Despite the fact that the share of overall beneficiaries reaching catastrophic coverage was relatively stable over the study period, the proportion of total Part D expenditures occurring in catastrophic coverage increased considerably, from 18 percent in 2007 to 37 percent in 2015 (exhibit 2). The proportion of expenditures occurring in catastrophic coverage was higher for LIS than non-LIS beneficiaries (in 2015, 48 percent versus 26 percent), in part because a much higher share of LIS beneficiaries reached catastrophic coverage. However, the proportion of spending that occurred in catastrophic coverage grew much more rapidly for non-LIS beneficiaries from 2007 to 2015 (a 292 percent increase versus an 84 percent increase).
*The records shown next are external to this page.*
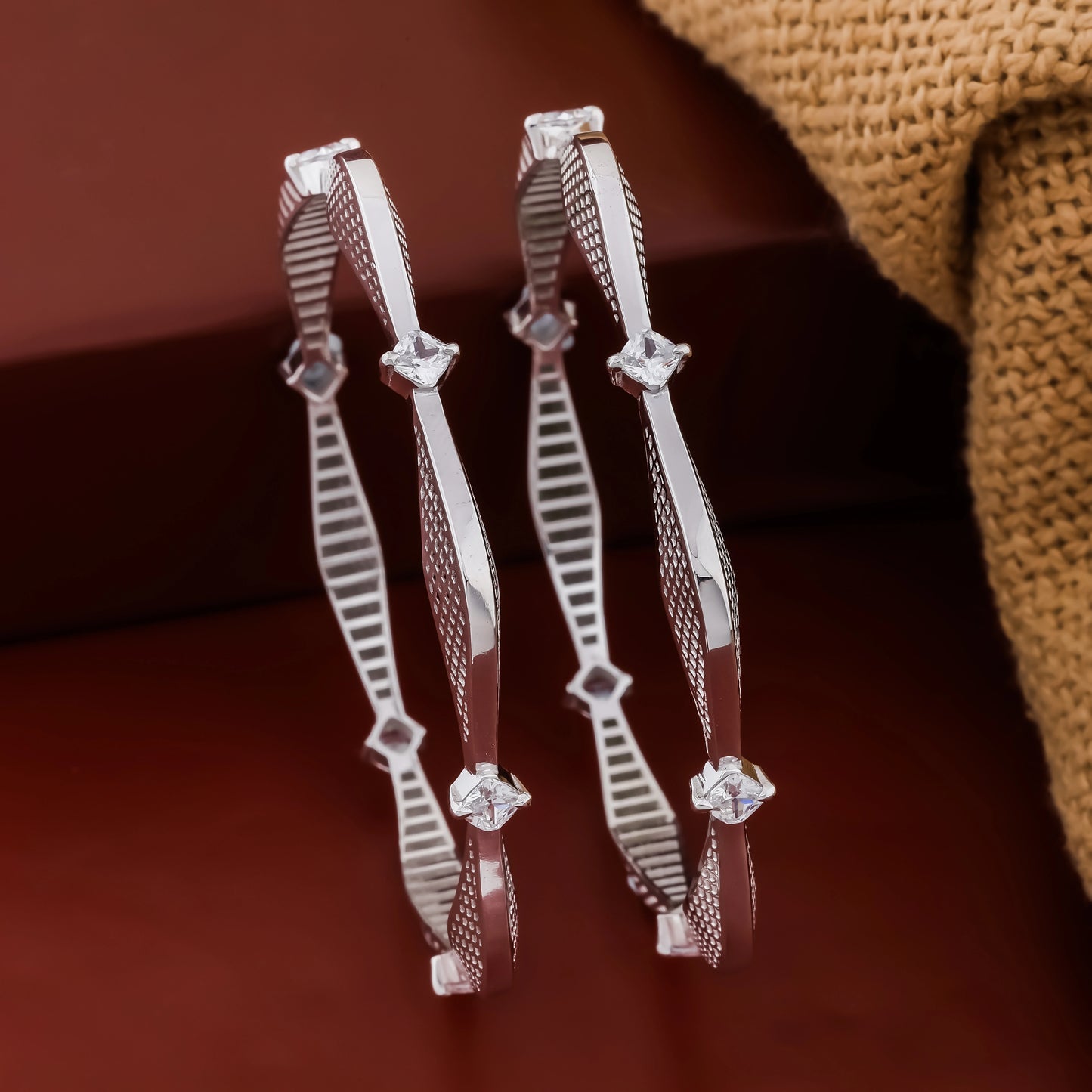 Pair of silver hoop earrings with diamond-like stones on a brown background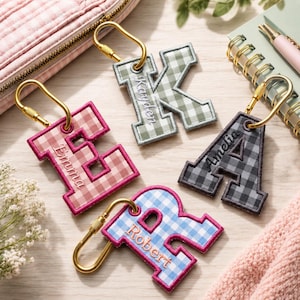 May include: Four embroidered letter keychains with gold-tone carabiners. The letters E, K, A, and R feature gingham patterns in pink, green, black, and blue. Each letter is personalized with stitched names: Emma, Kayden, Amelia, and Robert.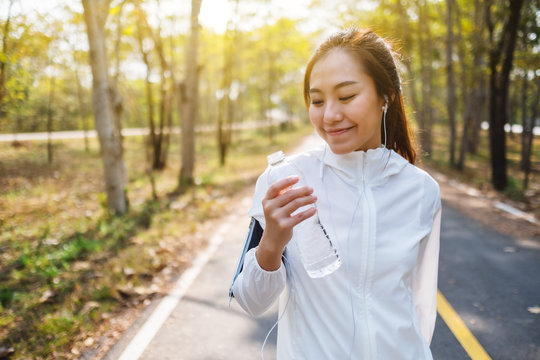 Closeup image of an asian female runner holding and drinking water from bottle after jogging in city park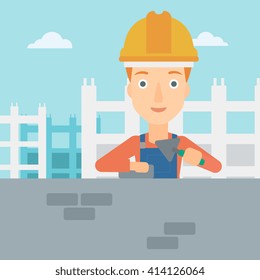 Bricklayer with spatula and brick.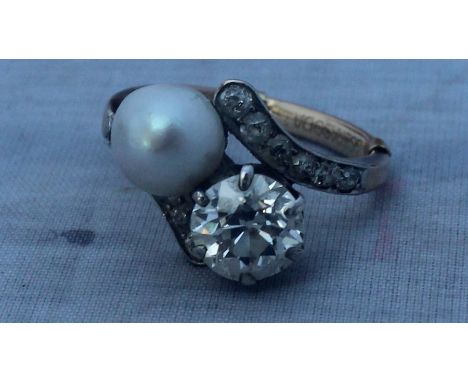 A diamond and pearl cross-over ring, set round brilliant cut diamond (diamond weight approx. 1.65 carats, of good clarity and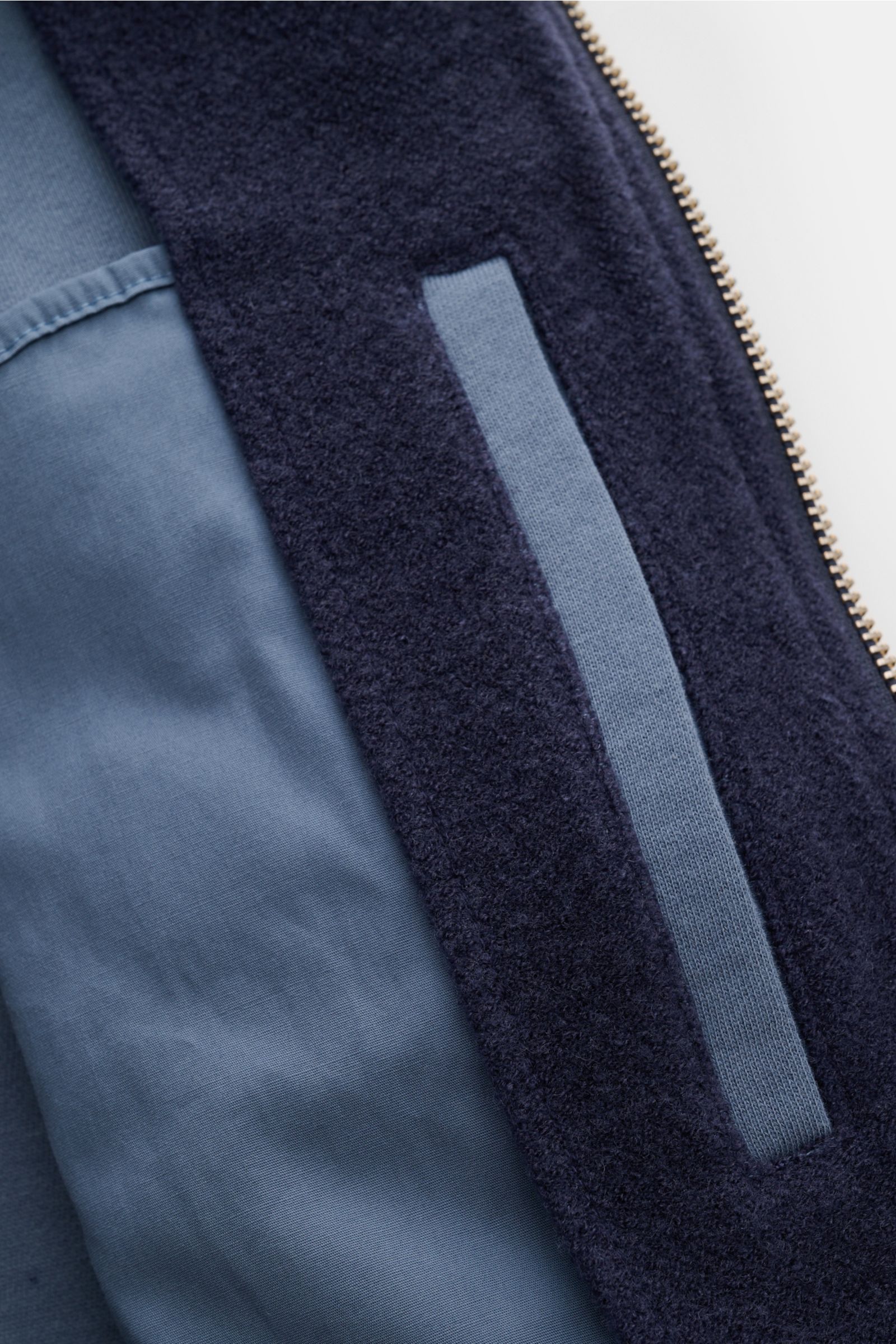 Close-up view of the 04651/ A trip in a bag Blouson dunkelblau showing its soft fleece texture, blue cotton lining, two-way zipper, and rib-knit collar, highlighting wool-cotton blend and slim fit details.

Lässig durch die Übergangszeit: Der Blouson v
This higher growth rate for non-LIS beneficiaries was primarily driven by faster spending growth per beneficiary who reached catastrophic coverage (exhibit 3). For non-LIS beneficiaries, average total annual spending (across all benefit phases) per beneficiary who reached catastrophic coverage increased 163 percent, from $10,300 in 2007 to $27,095 in 2015. In comparison, for LIS beneficiaries, average total annual spending per beneficiary who reached catastrophic coverage increased 85 percent, from $10,570 in 2007 to $19,554 in 2015. Thus, whereas LIS and non-LIS beneficiaries who reached catastrophic coverage had similar spending levels in the early years of our study period, by 2015 non-LIS beneficiaries reaching catastrophic coverage had spending that was 39 percent higher than that of LIS beneficiaries.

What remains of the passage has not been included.